Trust Your Instincts – How to Sell Your Business

Entrepreneur Nicole Kersh has sold 4Cabling, the business she founded at age 21, in what she describes as a “heart-wrenching experience”.

“There’s so much literature out there about starting a business and a lot of emphasis on start-ups and how exciting it is,” Kersh says. “But there’s very little that can prepare you for selling and letting go and all the surprises along the way.”

Kersh founded 4Cabling, an online retailer specialising in technology cabling for consumers, when she was 21 and built it up to mid-market size before selling earlier this year. She says revenue was $10 million a year at the time of the sale, and profit was a healthy percentage of that.

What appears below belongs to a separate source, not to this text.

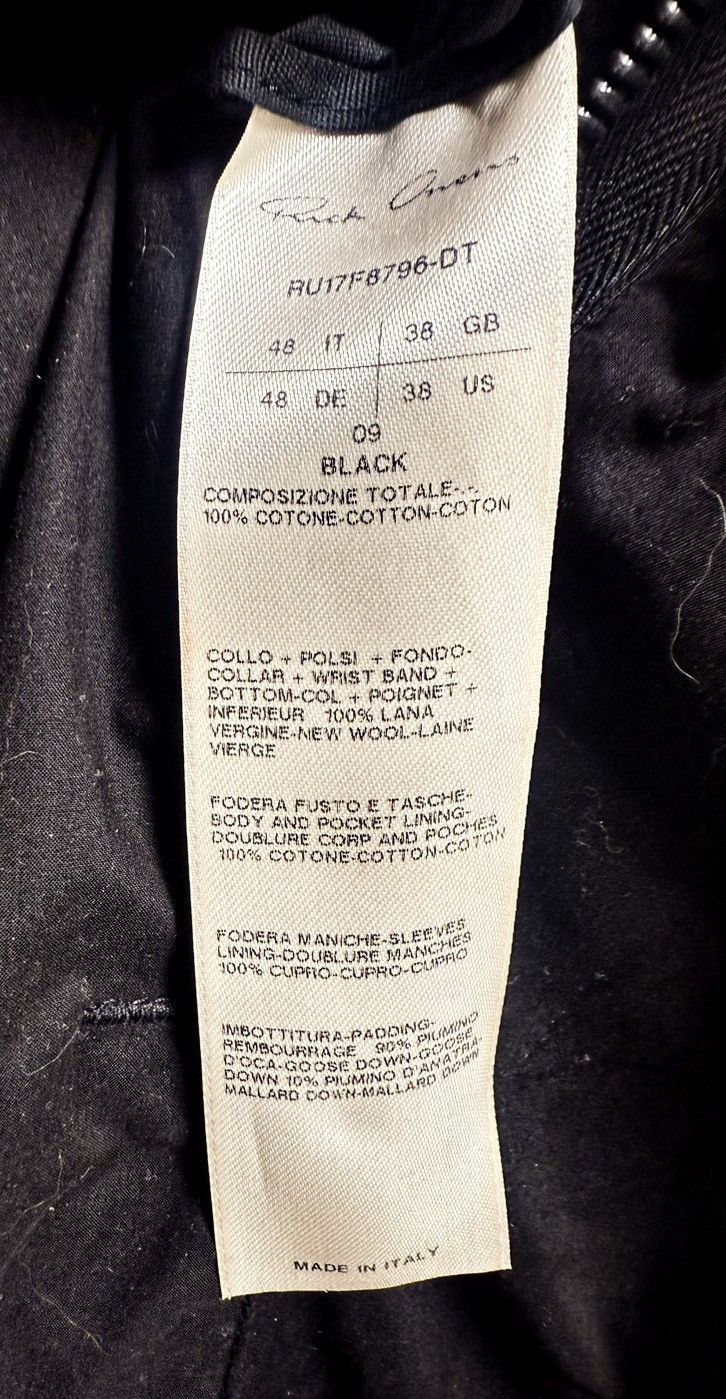 Rick Owens Rick Owens 17FW GLITTER FAUN FLIGHT BOMBER Size US M / EU 48-50 / 2 - 6 Thumbnail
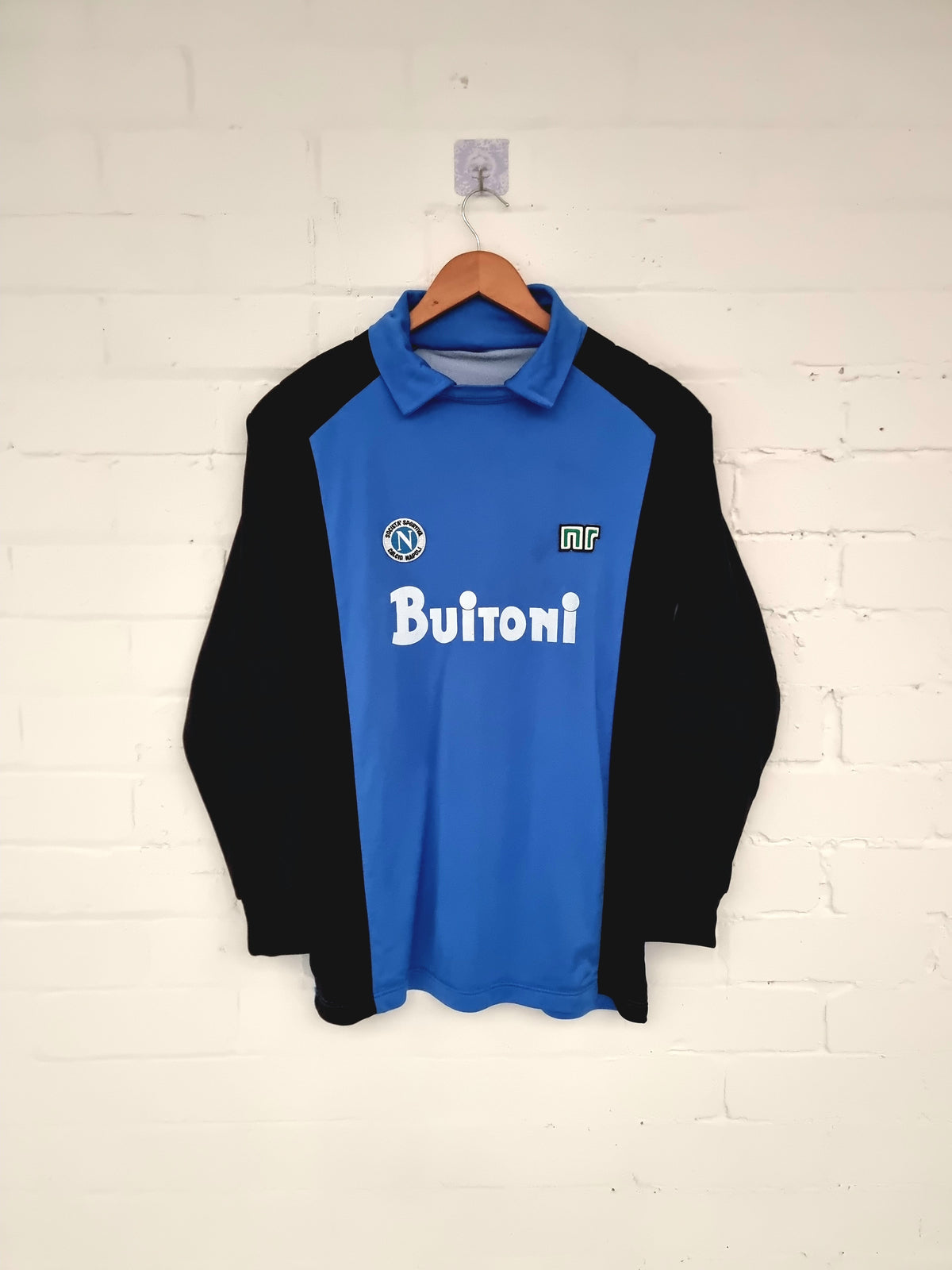 Maillot De Football Vintage ENNERRE N°9 - Fabriqué En Italie, Taille L - Occasion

The buyer was family-run private equity firm Gernis Holdings and the price was undisclosed, though Kersh describes herself as “very satisfied”. BRWestimates the price would be in the millions based on the company’s revenue and growth. Kersh owned 51 per cent of the business and her mother was the other main shareholder.

Kersh says she was fortunate to have a pipeline of potential buyers approaching her about acquiring 4Cabling, but Gernis was not the first. In hindsight, she says it is very easy for an entrepreneur to get “manipulated” by potential buyers and it is important to surround yourself with good advisers and above all to trust your instincts particularly if something seems too good to be true.

“The first offer we had was very alluring and attractive and we went through all the due diligence and at the last minute, the conditions changed and [I believe] the buyer wasn’t sincere, it was actually an exercise in market research on his behalf,” Kersh says.

“There was nothing illegal about it, but [I felt] it was unethical. It was an incredible learning curve on my part that people are not always what they say they are.

Taking stock


“So the second buyer that came along we treated with a little more scepticism and decided to pull the plug on that one because it just didn’t feel right.”

Going through the process with the first buyer was not a complete waste of time as it forced Kersh to take stock and crystallised her desire to sell the business. Before that, she had been too wrapped up in sustaining growth to think about the longer term.

“From where the business is at now, what it would take from me in terms of investment and my skills to take it to the next level wasn’t something that I was interested in,” Kersh says. “For me, it was about reaching that goal and moving on so it started to feel the right time.”

Kersh says the things that made 4Cabling appealing to buyers were the strong web presence, company culture and the high-growth trajectory.

After the sale, she and her partner went on a walking holiday in Spain and Portugal, partly a belated honeymoon and partly a way for Kersh to think about what she wanted to do next.

“I got married in January amidst due diligence and a handover,” Kersh says. “It was an ‘I’m so sorry that I spent our wedding day looking for a fax machine’ holiday. The apology was accepted. My wife is a creative director and she brings a nice creative energy to our home, whereas I’m quite left-brained.”

After spending her 20s watching SEO results for 4Cabling, Kersh had grown to love the digital marketing side of the business but she was less enthusiastic about manufacturing. She could not imagine applying for a job so she is starting another business.

The new venture is a web content agency called The Content Folk and the site is currently under development.

“It’s not content for contents sake, it’s content with purpose,” Kersh says. “Content is a buzz word at the moment and everyone is talking about engaging via content but I don’t think people really understand how to create content. For me, it’s . . . about sharing your voice. That was something that with 4Cabling that really worked for me, giving the company a personality and engaging via genuine content.”